• _The problem_
Copy, word for word, each line of the data below from the first through the line containing "KnitCrate Sock Crate", and stop there.
━━━━━━━━
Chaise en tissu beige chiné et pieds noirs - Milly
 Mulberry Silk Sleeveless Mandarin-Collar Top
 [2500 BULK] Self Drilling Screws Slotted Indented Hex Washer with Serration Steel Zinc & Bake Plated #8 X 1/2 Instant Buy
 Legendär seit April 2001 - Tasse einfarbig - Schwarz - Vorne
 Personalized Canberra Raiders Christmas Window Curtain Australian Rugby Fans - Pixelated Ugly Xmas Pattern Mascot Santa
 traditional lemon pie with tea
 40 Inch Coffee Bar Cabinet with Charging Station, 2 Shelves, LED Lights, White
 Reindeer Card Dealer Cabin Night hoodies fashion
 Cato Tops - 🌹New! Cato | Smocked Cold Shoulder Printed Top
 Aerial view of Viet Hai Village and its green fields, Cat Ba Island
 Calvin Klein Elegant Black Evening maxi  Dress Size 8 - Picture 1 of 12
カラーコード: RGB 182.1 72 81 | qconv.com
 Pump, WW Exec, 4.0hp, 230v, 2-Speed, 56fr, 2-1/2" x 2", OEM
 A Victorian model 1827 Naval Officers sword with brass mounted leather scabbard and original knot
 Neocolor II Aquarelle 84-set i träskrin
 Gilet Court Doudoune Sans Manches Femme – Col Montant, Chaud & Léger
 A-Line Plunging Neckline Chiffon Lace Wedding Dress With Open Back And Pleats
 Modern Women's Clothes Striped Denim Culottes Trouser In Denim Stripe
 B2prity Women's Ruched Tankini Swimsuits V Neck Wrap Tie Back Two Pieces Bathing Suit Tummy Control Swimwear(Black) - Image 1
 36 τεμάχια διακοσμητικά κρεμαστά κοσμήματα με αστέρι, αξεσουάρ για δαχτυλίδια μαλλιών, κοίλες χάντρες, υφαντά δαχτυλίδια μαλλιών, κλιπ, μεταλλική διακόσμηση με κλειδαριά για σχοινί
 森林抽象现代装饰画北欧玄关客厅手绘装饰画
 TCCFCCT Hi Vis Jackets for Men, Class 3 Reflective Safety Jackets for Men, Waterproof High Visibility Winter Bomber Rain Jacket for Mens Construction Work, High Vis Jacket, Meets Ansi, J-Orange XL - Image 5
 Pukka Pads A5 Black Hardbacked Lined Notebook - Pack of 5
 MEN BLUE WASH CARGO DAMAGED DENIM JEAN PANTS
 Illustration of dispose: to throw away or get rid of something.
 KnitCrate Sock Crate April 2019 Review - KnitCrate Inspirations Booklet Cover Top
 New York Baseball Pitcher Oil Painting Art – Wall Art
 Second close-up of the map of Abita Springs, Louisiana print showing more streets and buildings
━━━━━━━━
• _Response to the exercise_
Chaise en tissu beige chiné et pieds noirs - Milly
 Mulberry Silk Sleeveless Mandarin-Collar Top
 [2500 BULK] Self Drilling Screws Slotted Indented Hex Washer with Serration Steel Zinc & Bake Plated #8 X 1/2 Instant Buy
 Legendär seit April 2001 - Tasse einfarbig - Schwarz - Vorne
 Personalized Canberra Raiders Christmas Window Curtain Australian Rugby Fans - Pixelated Ugly Xmas Pattern Mascot Santa
 traditional lemon pie with tea
 40 Inch Coffee Bar Cabinet with Charging Station, 2 Shelves, LED Lights, White
 Reindeer Card Dealer Cabin Night hoodies fashion
 Cato Tops - 🌹New! Cato | Smocked Cold Shoulder Printed Top
 Aerial view of Viet Hai Village and its green fields, Cat Ba Island
 Calvin Klein Elegant Black Evening maxi  Dress Size 8 - Picture 1 of 12
カラーコード: RGB 182.1 72 81 | qconv.com
 Pump, WW Exec, 4.0hp, 230v, 2-Speed, 56fr, 2-1/2" x 2", OEM
 A Victorian model 1827 Naval Officers sword with brass mounted leather scabbard and original knot
 Neocolor II Aquarelle 84-set i träskrin
 Gilet Court Doudoune Sans Manches Femme – Col Montant, Chaud & Léger
 A-Line Plunging Neckline Chiffon Lace Wedding Dress With Open Back And Pleats
 Modern Women's Clothes Striped Denim Culottes Trouser In Denim Stripe
 B2prity Women's Ruched Tankini Swimsuits V Neck Wrap Tie Back Two Pieces Bathing Suit Tummy Control Swimwear(Black) - Image 1
 36 τεμάχια διακοσμητικά κρεμαστά κοσμήματα με αστέρι, αξεσουάρ για δαχτυλίδια μαλλιών, κοίλες χάντρες, υφαντά δαχτυλίδια μαλλιών, κλιπ, μεταλλική διακόσμηση με κλειδαριά για σχοινί
 森林抽象现代装饰画北欧玄关客厅手绘装饰画
 TCCFCCT Hi Vis Jackets for Men, Class 3 Reflective Safety Jackets for Men, Waterproof High Visibility Winter Bomber Rain Jacket for Mens Construction Work, High Vis Jacket, Meets Ansi, J-Orange XL - Image 5
 Pukka Pads A5 Black Hardbacked Lined Notebook - Pack of 5
 MEN BLUE WASH CARGO DAMAGED DENIM JEAN PANTS
 Illustration of dispose: to throw away or get rid of something.
 KnitCrate Sock Crate April 2019 Review - KnitCrate Inspirations Booklet Cover Top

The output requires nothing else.